Learn how to combine data from multiple tables using different types of joins.

What are Joins?

Joins are used to combine rows from two or more tables based on a related column between them. This is one of the most powerful features of SQL.

Sample Tables

We'll use these two tables throughout this tutorial:

customers table:

+----+-----------+-------------+
| id | name      | city        |
+----+-----------+-------------+
| 1  | Alice     | New York    |
| 2  | Bob       | Los Angeles |
| 3  | Charlie   | Chicago     |
| 4  | Diana     | Houston     |
+----+-----------+-------------+

orders table:

+----+-------------+--------+------------+
| id | customer_id | amount | order_date |
+----+-------------+--------+------------+
| 1  | 1           | 250    | 2024-01-15 |
| 2  | 1           | 180    | 2024-01-20 |
| 3  | 2           | 320    | 2024-01-18 |
| 4  | 5           | 150    | 2024-01-22 |
+----+-------------+--------+------------+

Note: customer_id 5 doesn't exist in customers table, and customers 3 and 4 have no orders.

INNER JOIN

Returns only matching rows from both tables.

Syntax

SELECT columns
FROM table1
INNER JOIN table2
ON table1.column = table2.column;

Example

SELECT
    customers.name,
    customers.city,
    orders.amount,
    orders.order_date
FROM customers
INNER JOIN orders
ON customers.id = orders.customer_id;

Result:

+-----------+-------------+--------+------------+
| name      | city        | amount | order_date |
+-----------+-------------+--------+------------+
| Alice     | New York    | 250    | 2024-01-15 |
| Alice     | New York    | 180    | 2024-01-20 |
| Bob       | Los Angeles | 320    | 2024-01-18 |
+-----------+-------------+--------+------------+

Note: Charlie and Diana are excluded (no orders), and order with customer_id 5 is excluded (no matching customer).

Using Table Aliases

SELECT
    c.name,
    c.city,
    o.amount
FROM customers c
INNER JOIN orders o
ON c.id = o.customer_id;

LEFT JOIN (LEFT OUTER JOIN)

Returns all rows from the left table and matching rows from the right table.
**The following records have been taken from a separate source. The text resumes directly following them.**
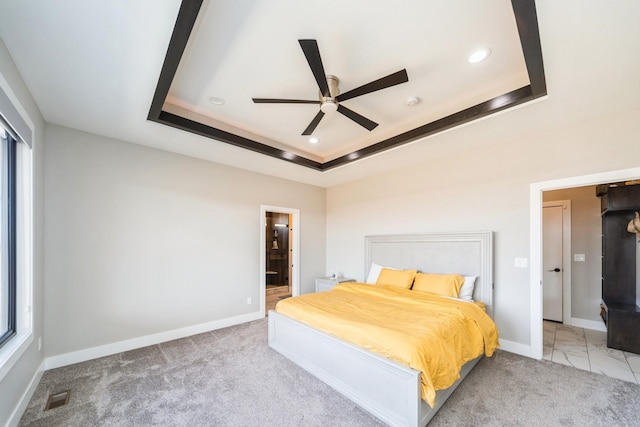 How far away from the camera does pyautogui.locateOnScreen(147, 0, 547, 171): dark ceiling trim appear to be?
1.60 m

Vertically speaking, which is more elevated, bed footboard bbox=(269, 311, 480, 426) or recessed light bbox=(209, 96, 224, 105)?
recessed light bbox=(209, 96, 224, 105)

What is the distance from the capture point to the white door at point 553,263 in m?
4.43

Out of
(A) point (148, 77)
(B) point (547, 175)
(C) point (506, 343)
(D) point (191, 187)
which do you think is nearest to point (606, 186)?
(B) point (547, 175)

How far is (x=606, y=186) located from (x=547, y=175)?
1.33 m

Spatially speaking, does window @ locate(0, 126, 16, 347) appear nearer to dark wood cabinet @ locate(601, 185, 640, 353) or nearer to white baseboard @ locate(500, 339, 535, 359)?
white baseboard @ locate(500, 339, 535, 359)

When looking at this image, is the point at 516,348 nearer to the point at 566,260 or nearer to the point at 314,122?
the point at 566,260

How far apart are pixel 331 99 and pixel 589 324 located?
17.0 feet

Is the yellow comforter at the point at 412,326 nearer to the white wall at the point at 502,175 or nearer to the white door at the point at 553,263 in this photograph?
the white wall at the point at 502,175

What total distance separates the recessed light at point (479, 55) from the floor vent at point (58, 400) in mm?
4538

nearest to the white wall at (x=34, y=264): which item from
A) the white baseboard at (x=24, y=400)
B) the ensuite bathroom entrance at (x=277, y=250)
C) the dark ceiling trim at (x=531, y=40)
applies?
the white baseboard at (x=24, y=400)

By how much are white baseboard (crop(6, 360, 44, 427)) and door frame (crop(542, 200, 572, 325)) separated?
6662 millimetres

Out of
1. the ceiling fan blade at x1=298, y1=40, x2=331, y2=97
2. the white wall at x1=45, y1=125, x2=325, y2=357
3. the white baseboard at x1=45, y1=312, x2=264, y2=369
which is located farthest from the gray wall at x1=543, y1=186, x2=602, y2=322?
the white baseboard at x1=45, y1=312, x2=264, y2=369

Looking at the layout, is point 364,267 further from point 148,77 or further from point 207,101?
point 148,77

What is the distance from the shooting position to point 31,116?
2436mm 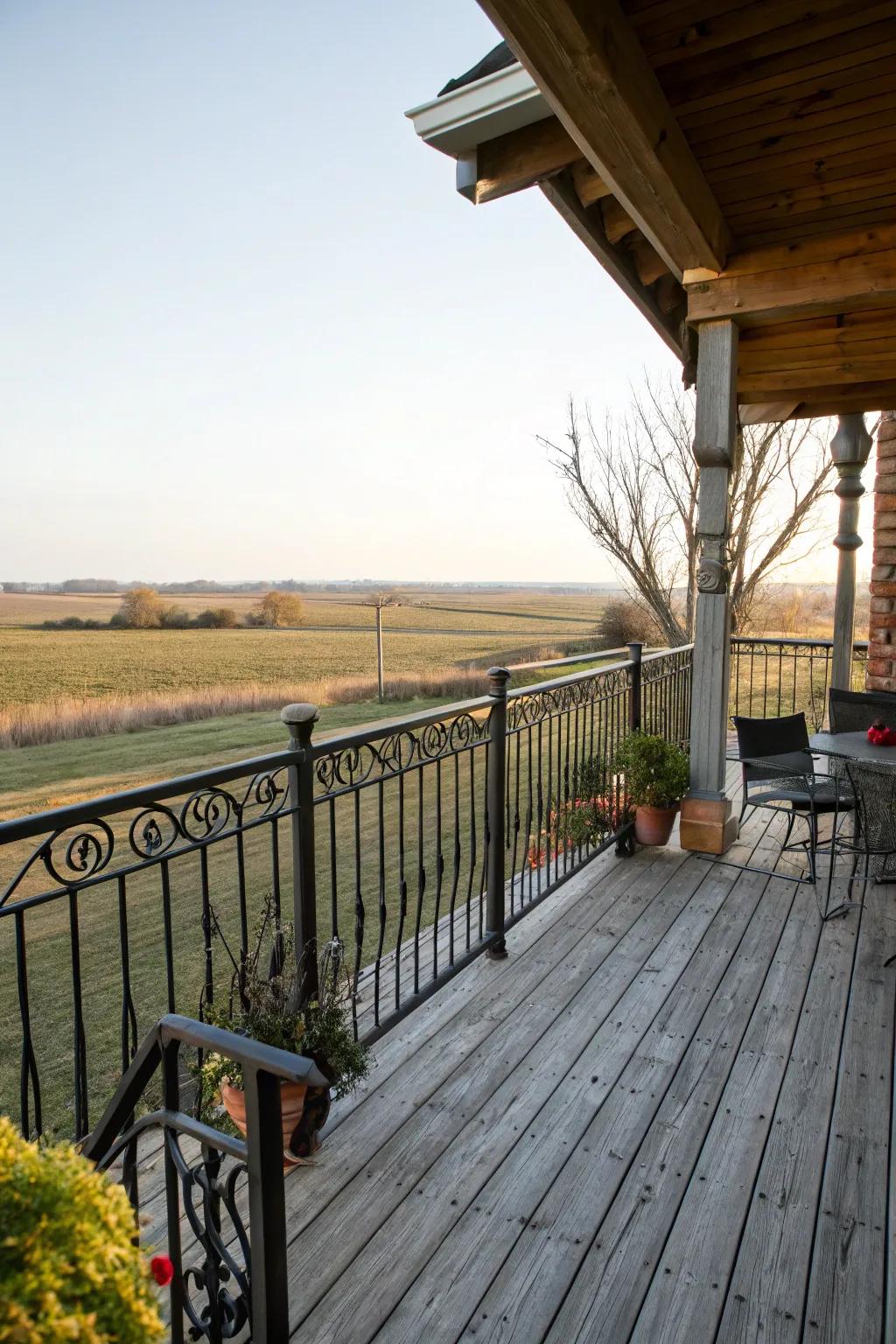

NULL for non-matching rows.

Syntax

SELECT columns
FROM table1
LEFT JOIN table2
ON table1.column = table2.column;

Example

SELECT
    c.name,
    c.city,
    o.amount,
    o.order_date
FROM customers c
LEFT JOIN orders o
ON c.id = o.customer_id;

Result:

+-----------+-------------+--------+------------+
| name      | city        | amount | order_date |
+-----------+-------------+--------+------------+
| Alice     | New York    | 250    | 2024-01-15 |
| Alice     | New York    | 180    | 2024-01-20 |
| Bob       | Los Angeles | 320    | 2024-01-18 |
| Charlie   | Chicago     | NULL   | NULL       |
| Diana     | Houston     | NULL   | NULL       |
+-----------+-------------+--------+------------+

All customers are included, even those without orders.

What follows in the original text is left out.